The record from the suppression hearing reveals that Jack L. Meyers, the owner of the credit card that Taylor tried to use on February 25, 1994, in late February or early March showed the Fastime clerk who waited on Taylor, Ollie Bradshaw, a single photograph of Taylor, who was pictured along with an older woman and a little girl. Bradshaw identified Taylor in the picture as the person who had attempted to use Meyers' credit card on February 25. Bradshaw subsequently identified Taylor as the assailant both at the suppression hearing and then at trial.

Taylor argues that the trial court erred in permitting Bradshaw's in-court identification of Taylor because the identification was obtained from an impermissibly suggestive pre-trial identification procedure. He maintains that Bradshaw was only able to identify Taylor in court because Bradshaw had identified Taylor from Meyers' photograph and that Bradshaw only identified Taylor in Meyers' photograph because the photograph of Taylor was the only picture of a suspect shown to him before trial.

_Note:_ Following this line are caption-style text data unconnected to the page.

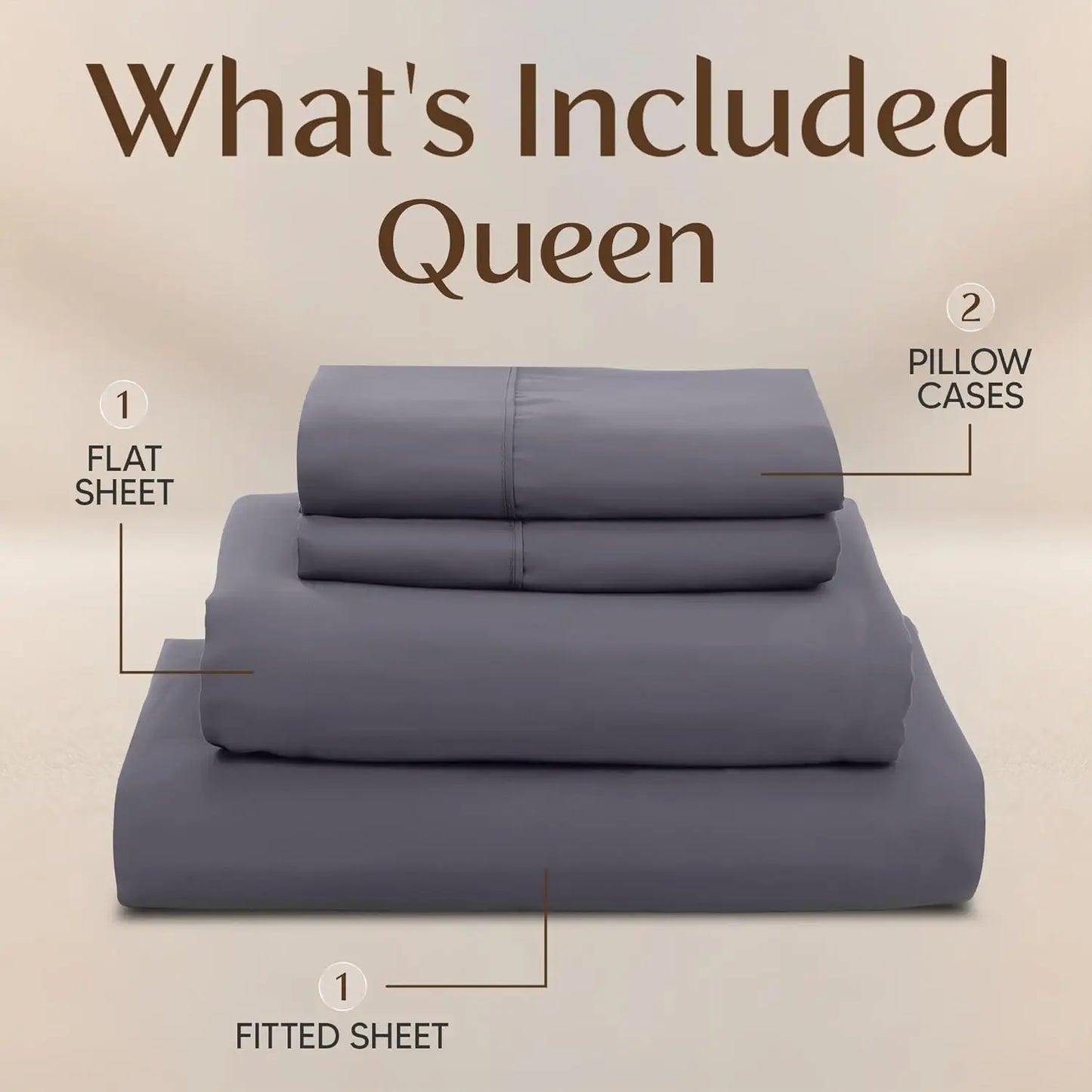 4 Piece Microfiber Sheet Set Soft Breathable Oeko Tex Certified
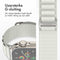 imoshion Nylon Alpine bandje - Geschikt voor Apple Watch 1, 2, 3, 4, 5, 6, 7, 8, 9, 10, SE, Ultra (2) - 44/45/46/49 mm - Wit - One Size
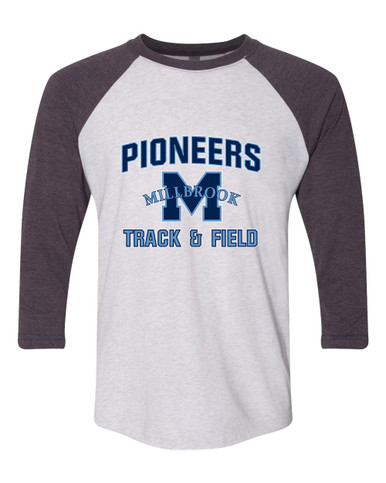 Millbrook Pioneers Track & Field Men's Baseball T-Shirt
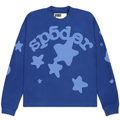 Sp5der Beluga HW Blue Long Sleeve Tee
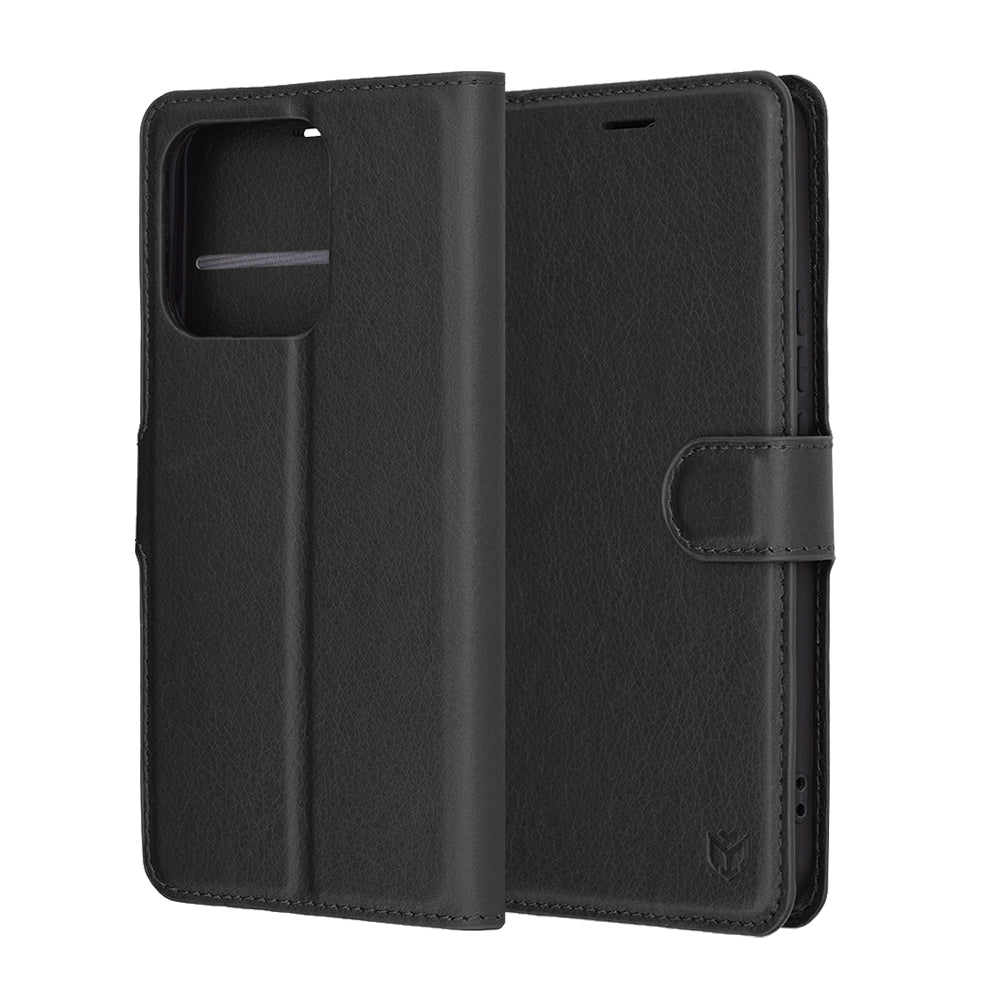 Etui na Honor X8c, Techsuit, Leather Folio, czarne
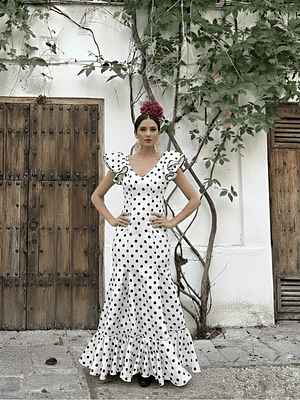 BATA BLANCA LUNAR NEGRO MEDIANO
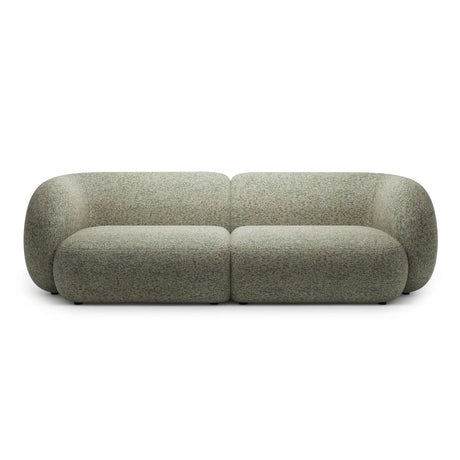 Kate 4-Sitzer Sofa mit Bezug aus Strukturierter Stoff (Puente 33) in Moss Green Melange, 243x99 cm – Bild 1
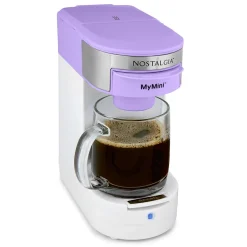Nostalgia MyMini 2-Cups Single Serve Coffee Maker, Lavender (NMPCCPGC1LVS)
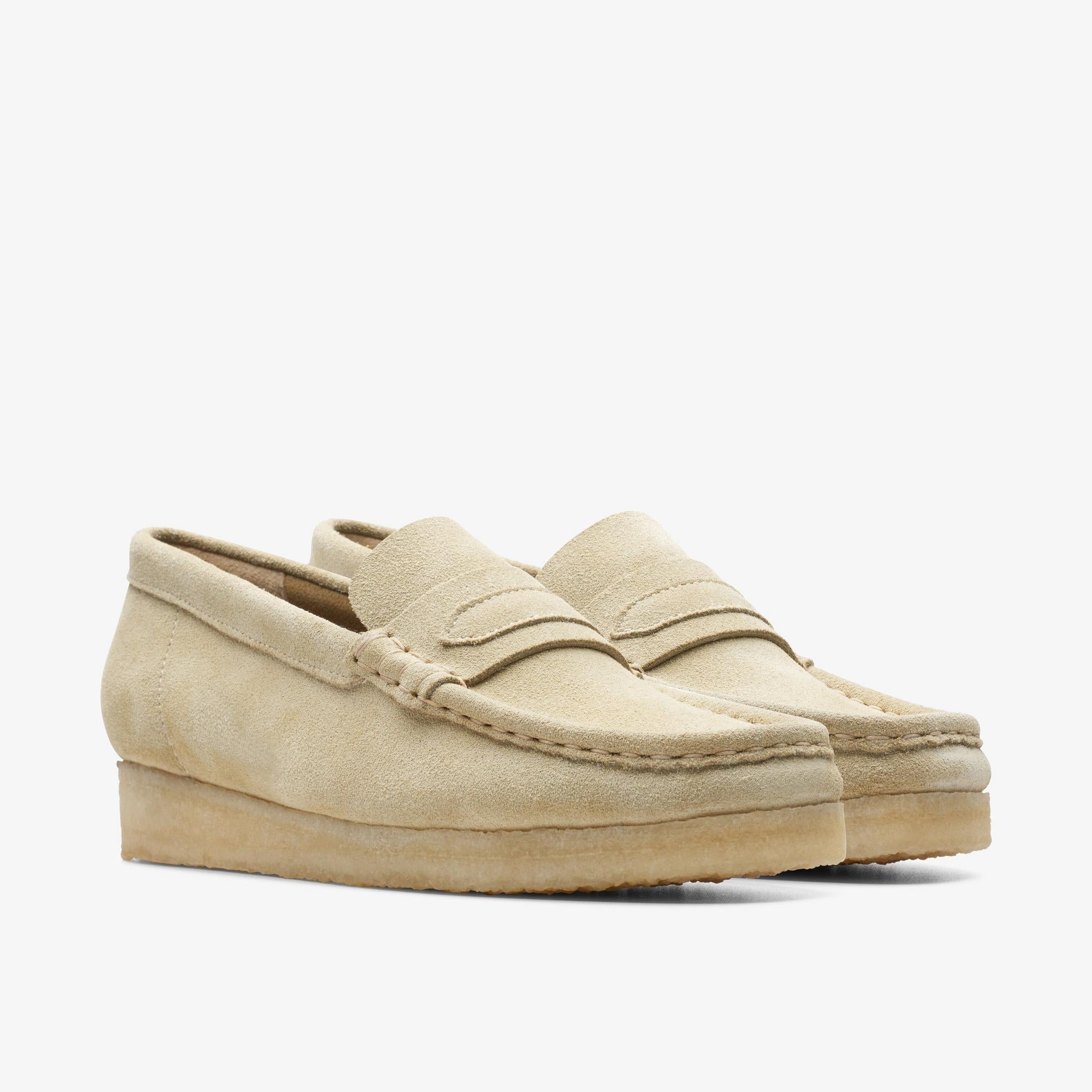 26173508] Womens Clarks Wallabee Loafer – Zulily
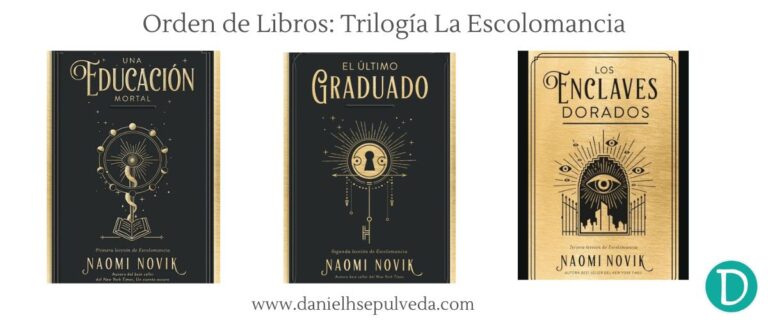 orden libros saga trilogia la escolomancia naomi novik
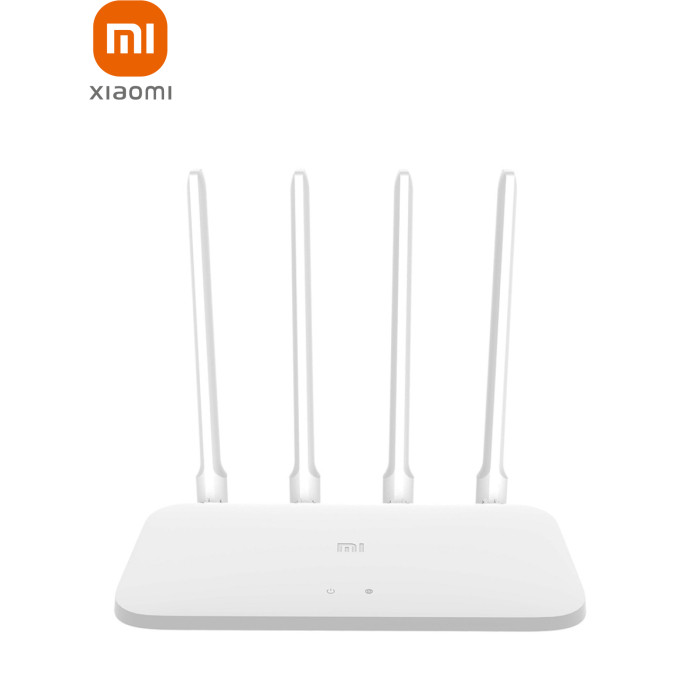 Маршрутизатор Xiaomi Mi Router 4A, Wi-Fi 1200Мбіт/с, 802.11ac, 4 антени, пам'ять 64 MB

Identification procedures that are unnecessarily suggestive violate a suspect's right to a fair trial under the Fourteenth Amendment to the United State Constitution. Manson v. Brathwaite, 432 U.S. 98, 113, 97 S. Ct. 2243, 2252 (1977). Identification procedures whereby suspects are viewed singly, while not per se unnecessarily suggestive, have been uniformly criticized for being unduly suggestive. Manson, 432 U.S. at 116, 97 S. Ct. at 2254; Writt v. State, 541 S.W.2d 424, 427 (Tex. Crim. App. 1976); see also Delk v. State, 855 S.W.2d 700, 706 (Tex. Crim. App. 1993). When an impermissibly suggestive pre-trial identification procedure is used, the witness' subsequent in-court identification of the defendant will not be allowed, unless the prosecution can somehow establish an independent basis for the reliability of the in-court identification of the defendant besides the pre-trial identification at issue. Manson, 432 U.S. at 113-14, 97 S. Ct. at 2252-53, Delk, 855 S.W.2d at 706. A totality-of-the-circumstances test is employed to determine whether the in-court identification is independently reliable. Manson, 432 U.S. at 113, 97 S. Ct. at 2252; Delk, 855 S.W.2d at 706. Five factors will assist the court in making this determination: (1) the witness' opportunity to view the criminal at the time of the crime; (2) the witness' degree of attention; (3) the accuracy of the witness' prior description of the criminal; (4) the level of certainty demonstrated at the pre-trial confrontation; and (5) the time between the crime and the confrontation. Manson, 432 U.S. at 114, 97 S. Ct. at 2253; Delk, 855 S.W.2d at 706.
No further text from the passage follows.